On Sun, Oct 9, 2011 at 7:00 PM, Emmanuel Lecharny <elecharny@apache.org> wrote:
>
>
> On Sat, Oct 8, 2011 at 2:52 PM, Stefan Seelmann <seelmann@apache.org> wrote:
>>
>> Hi Emmanuel,
>>
>> On Sat, Oct 8, 2011 at 8:27 AM, Emmanuel Lecharny <elecharny@gmail.com>
>> wrote:
>> > Hi guys,
>> >
>> > Stefan started to modify the code to get rid of the oneLevel and
>> > subLevel
>> > index, which are more or less useless as we already have the hierarchy
>> > stored into the rdn index.
>> >
>> > However, this rdn index is not good enough as is to be use as a
>> > replacement
>> > for the two other indexes. Its structure forbid us to easily retrieve
>> > the
>> > children from a known entry.
>> >
>> > The current RDN index structure is :
>> > <parentId, RDN> -> Entry ID
>> >
>> > The key is a tuple containing the parent ID to be able to rebuild the
>> > DN.
>> >
>> > The reverse index is :
>> > Entry ID -> <parentId, RDN>
>> >
>> > We don't have duplicated values.
>> >
>> > Now, when we have an entry ID, there is no simple way to get the list of
>> > all
>> > the children for this entry.
>> >
>> > We will have to add a third index to deal with such searches :
>> > ParentId -> <entryId, ....>
>> >
>> > which will list all the children of a specific entry.
>> >
>> > I'm going to investigate around this idea i the next few days.
>> >
>> > Thoughts ?
>>
>> Do we really need the additional index? My idea was to avoid this
>> additional index. Therefor I introduced a new cursor, the
>> RdnIndexTreeCursor [1] together with a RdnIndexHelper [2].
>>
>> Let's take the following example DIT:
>>
>> dc=example,dc=com (1)
>> * ou=people (3)
>> ** uid=elecharny (4)
>> ** uid=seelmann (6)
>> * ou=groups (2)
>> ** ou=directory (5)
>> ** ou=mina (7)
>>
>> The corresponding RDN index looks like this:
>>
>> <parentId, RDN> -> <entryId>
>> 0,dc=example,dc=com -> 1
>> 1,ou=groups -> 2
>> 1,ou=people -> 3
>> 2,ou=directory -> 5
>> 2,ou=mina -> 7
>> 3,uid=elecharny -> 4
>> 3,uid=seelmann -> 6
>>
>> One-level traversal works as follows: the RdnIndexTreeCursor is
>> initialzed with the parentId (say 2 for ou=groups). To be able to
>> limit the cursor's range a start element and a stop element are
>> created. Both are ParentIdAndRdn objects with the same parentId (in
>> our example 2). The start element's RDN is null. The stop elements's
>> RDN is a special RDN zzz=zzz. Those ements are used to position the
>> cursor with first()/beforeFirst()/last()/afterLast(). The next() and
>> previous() methods check that the range isn't exceeded.
>
>
> Do you mean that thos elements are created and injected in the RDN index for
> each entry having children ?
No, they are just used just used to position the cursor.

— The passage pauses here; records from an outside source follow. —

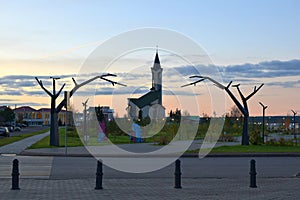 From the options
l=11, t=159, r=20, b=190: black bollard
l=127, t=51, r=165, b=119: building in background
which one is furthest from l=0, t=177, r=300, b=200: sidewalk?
l=127, t=51, r=165, b=119: building in background

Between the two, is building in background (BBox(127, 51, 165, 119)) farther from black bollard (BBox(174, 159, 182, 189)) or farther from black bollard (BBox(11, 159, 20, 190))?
black bollard (BBox(11, 159, 20, 190))

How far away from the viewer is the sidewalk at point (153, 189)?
1406 centimetres

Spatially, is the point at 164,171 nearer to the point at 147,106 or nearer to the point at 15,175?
the point at 15,175

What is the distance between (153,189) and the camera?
1582 centimetres

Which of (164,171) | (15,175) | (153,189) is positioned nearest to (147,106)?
(164,171)

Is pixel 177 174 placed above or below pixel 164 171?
above

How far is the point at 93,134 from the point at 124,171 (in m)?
42.2

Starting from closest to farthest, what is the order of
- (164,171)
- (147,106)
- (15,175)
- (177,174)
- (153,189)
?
(15,175)
(153,189)
(177,174)
(164,171)
(147,106)

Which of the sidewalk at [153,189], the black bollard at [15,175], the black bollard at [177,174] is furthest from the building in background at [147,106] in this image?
the black bollard at [15,175]

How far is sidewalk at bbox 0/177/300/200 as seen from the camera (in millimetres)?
14059

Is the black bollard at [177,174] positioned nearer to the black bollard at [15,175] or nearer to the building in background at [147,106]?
the black bollard at [15,175]

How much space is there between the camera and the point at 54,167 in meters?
23.7

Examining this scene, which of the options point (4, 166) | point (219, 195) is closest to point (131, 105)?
point (4, 166)

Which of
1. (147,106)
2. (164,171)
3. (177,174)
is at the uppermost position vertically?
(147,106) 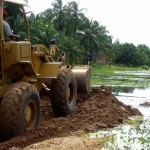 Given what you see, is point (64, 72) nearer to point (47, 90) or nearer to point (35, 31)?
point (47, 90)

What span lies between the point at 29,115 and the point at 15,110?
69 cm

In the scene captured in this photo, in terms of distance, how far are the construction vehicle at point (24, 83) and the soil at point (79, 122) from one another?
0.75 feet

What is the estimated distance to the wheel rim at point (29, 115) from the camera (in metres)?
7.75

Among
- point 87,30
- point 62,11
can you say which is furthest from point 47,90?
point 87,30

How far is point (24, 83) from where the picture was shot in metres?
7.88

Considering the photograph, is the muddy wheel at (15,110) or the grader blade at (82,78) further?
the grader blade at (82,78)

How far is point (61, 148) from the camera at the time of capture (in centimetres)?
645

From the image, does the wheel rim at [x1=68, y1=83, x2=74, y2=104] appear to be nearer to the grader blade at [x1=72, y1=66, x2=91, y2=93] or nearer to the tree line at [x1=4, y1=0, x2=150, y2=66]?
the grader blade at [x1=72, y1=66, x2=91, y2=93]

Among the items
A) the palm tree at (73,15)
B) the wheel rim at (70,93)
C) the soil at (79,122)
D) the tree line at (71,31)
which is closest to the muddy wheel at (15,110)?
the soil at (79,122)

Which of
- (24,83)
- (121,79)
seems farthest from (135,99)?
(121,79)

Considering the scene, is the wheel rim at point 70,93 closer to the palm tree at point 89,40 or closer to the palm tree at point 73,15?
the palm tree at point 73,15

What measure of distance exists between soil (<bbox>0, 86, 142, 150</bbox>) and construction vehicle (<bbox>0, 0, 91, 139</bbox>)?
0.23 metres

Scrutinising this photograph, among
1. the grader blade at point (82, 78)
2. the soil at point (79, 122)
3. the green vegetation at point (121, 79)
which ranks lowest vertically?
the green vegetation at point (121, 79)

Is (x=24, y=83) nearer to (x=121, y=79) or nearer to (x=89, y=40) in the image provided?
(x=121, y=79) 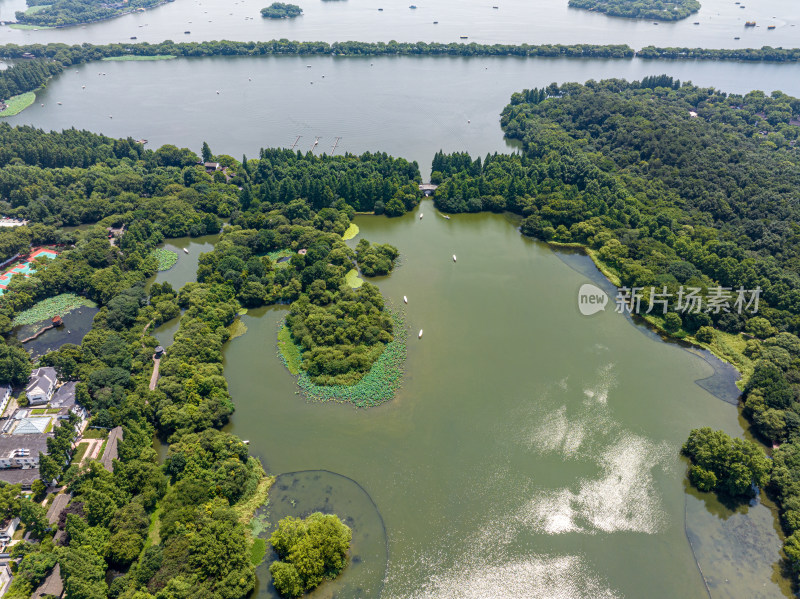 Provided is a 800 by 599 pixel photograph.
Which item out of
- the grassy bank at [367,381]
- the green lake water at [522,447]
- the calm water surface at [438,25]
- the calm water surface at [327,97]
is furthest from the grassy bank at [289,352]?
the calm water surface at [438,25]

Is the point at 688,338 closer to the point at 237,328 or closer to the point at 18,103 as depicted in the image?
the point at 237,328

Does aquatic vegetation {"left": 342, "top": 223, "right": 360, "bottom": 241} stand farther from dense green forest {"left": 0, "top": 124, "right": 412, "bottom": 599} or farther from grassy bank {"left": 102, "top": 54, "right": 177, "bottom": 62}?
grassy bank {"left": 102, "top": 54, "right": 177, "bottom": 62}

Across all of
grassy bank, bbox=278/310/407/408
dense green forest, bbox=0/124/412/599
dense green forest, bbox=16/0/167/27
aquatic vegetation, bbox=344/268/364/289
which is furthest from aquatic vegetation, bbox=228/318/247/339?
dense green forest, bbox=16/0/167/27

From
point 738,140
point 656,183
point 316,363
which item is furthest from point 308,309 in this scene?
point 738,140

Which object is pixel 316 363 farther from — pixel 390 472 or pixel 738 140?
pixel 738 140

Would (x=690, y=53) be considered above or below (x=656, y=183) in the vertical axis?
above

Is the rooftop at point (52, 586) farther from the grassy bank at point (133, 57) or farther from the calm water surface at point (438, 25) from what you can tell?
the calm water surface at point (438, 25) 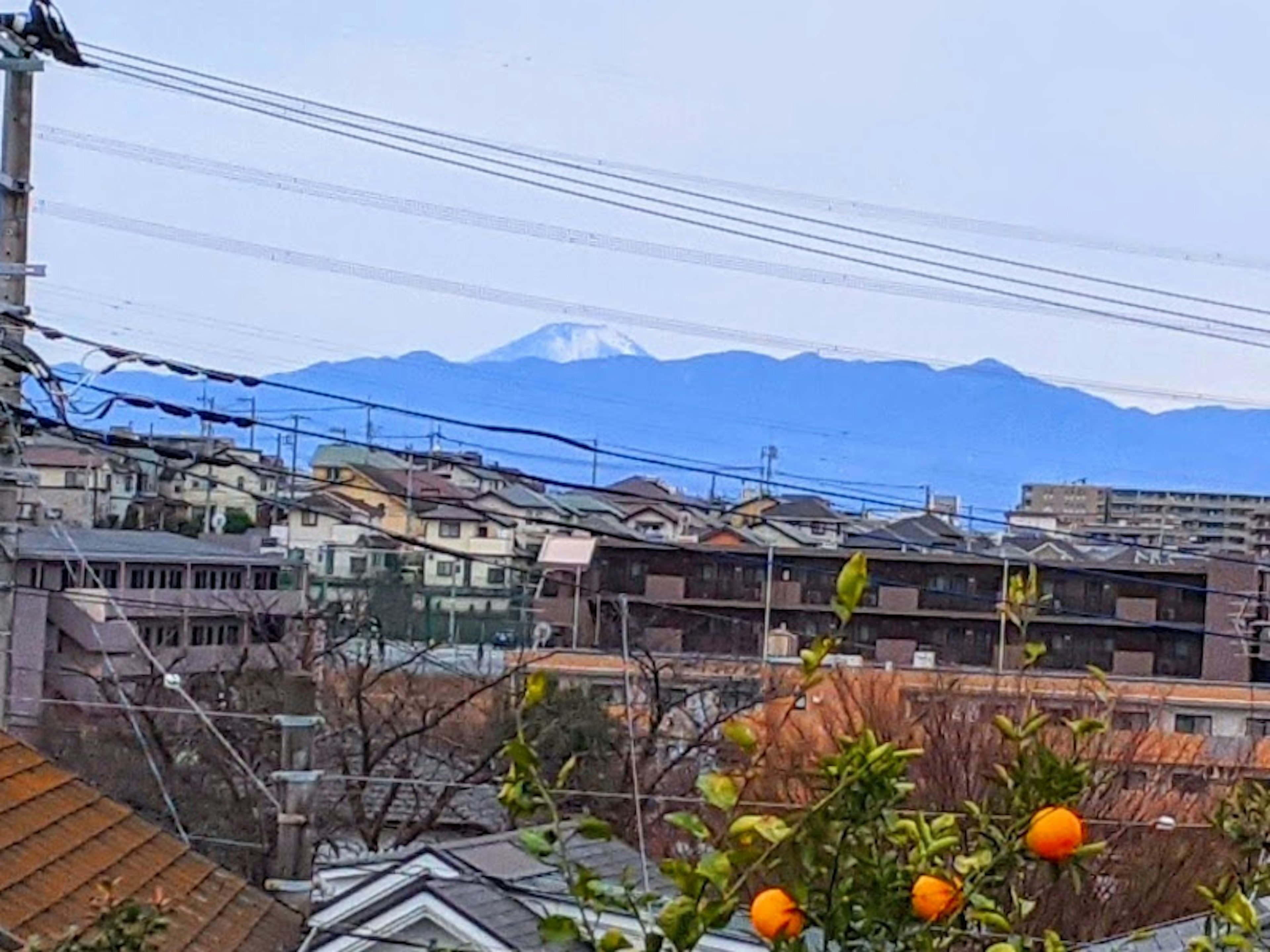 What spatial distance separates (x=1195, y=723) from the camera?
67.8 feet

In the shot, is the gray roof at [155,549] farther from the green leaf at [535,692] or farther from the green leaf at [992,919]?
the green leaf at [992,919]

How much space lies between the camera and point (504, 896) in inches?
235

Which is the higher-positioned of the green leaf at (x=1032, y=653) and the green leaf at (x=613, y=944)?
the green leaf at (x=1032, y=653)

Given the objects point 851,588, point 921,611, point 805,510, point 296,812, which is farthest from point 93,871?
point 921,611

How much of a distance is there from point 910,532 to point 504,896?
1602 cm

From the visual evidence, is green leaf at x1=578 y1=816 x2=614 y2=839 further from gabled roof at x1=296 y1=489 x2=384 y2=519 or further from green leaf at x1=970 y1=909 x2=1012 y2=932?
gabled roof at x1=296 y1=489 x2=384 y2=519

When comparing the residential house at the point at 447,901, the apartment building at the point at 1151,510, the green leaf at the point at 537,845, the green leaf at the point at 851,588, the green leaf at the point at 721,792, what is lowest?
the residential house at the point at 447,901

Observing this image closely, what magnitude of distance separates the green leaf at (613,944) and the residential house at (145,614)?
34.2ft

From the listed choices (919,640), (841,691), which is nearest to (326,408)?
(841,691)

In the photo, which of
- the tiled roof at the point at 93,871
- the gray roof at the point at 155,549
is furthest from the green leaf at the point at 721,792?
the gray roof at the point at 155,549

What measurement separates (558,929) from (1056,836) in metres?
0.41

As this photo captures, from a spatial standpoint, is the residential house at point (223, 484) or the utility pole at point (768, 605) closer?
the residential house at point (223, 484)

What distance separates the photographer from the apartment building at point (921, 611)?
23.6m

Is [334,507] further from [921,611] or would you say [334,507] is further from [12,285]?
[921,611] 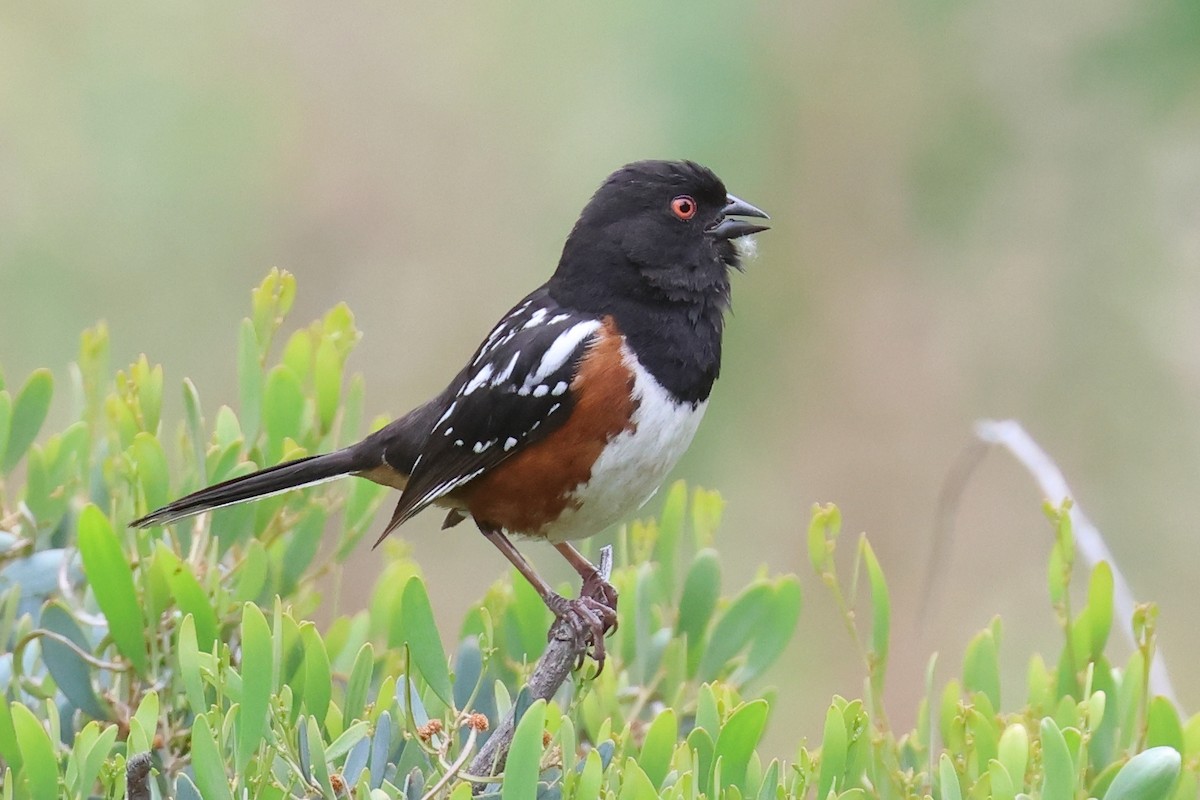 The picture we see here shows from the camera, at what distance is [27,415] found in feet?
6.49

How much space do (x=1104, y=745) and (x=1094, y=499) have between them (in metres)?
2.71

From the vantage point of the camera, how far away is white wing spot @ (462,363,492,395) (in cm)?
244

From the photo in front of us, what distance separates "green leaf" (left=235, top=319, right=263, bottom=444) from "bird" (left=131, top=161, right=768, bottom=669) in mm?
155

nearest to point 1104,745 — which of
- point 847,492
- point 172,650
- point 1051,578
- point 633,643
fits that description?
point 1051,578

>> Sub-Level traversal is a bit more complex but still straight-forward.
>> As the search base is included in the search results the base
>> ParentIdAndRdn object is used as start and stop element (say
>> <1,ou=groups>). Depth-first traversal is used and a stack of cursors
>> is maintained. When advancing the cursor it checks if the current
>> entry has children, if that's the case a sub-cursor with a limited
>> range (like the one-level) is opened and put to the stack.
>>
>> The RdnIndexTreeCursor is used by OneLevelScopeCursor and SubScopeCursor.
>>
>> The OneLevelScopeEvaluator and SubScopeEvaluator use the
>> RdnIndexHelper, especially the methods isDirectDescendantOf(ID
>> ancestorId, ID descendantId) and isDescendantOf(ID ancestorId, ID
>> descendantId). They just do reverse lookups from the descendantId,
>> till the ancestor is found. It is possible to cache those lookups for
>> branch entries so that only one lookup is required.
>>
>> Finally the DefaultOptimizer uses the RdnIndexHelper to determine the
>> sub-level count. Therefor the ParentIdAndRdn now contains two
>> additional fields oneLevelCount and subLevelCount that are
>> incremented/decremented when adding/removing/moving entries to/from
>> the partition.
>>
>> Let's talk about the downside: This solution should work for flat
>> trees, but not for very deep trees. For very deep trees the
>> RdnIndexTreeCursor needs to maintain a large number of opened cursors.
>
>
> we can close the cursors when they are not used anyƶore. Doing a width first
> search, we will only create as many cursor as we need for one single level.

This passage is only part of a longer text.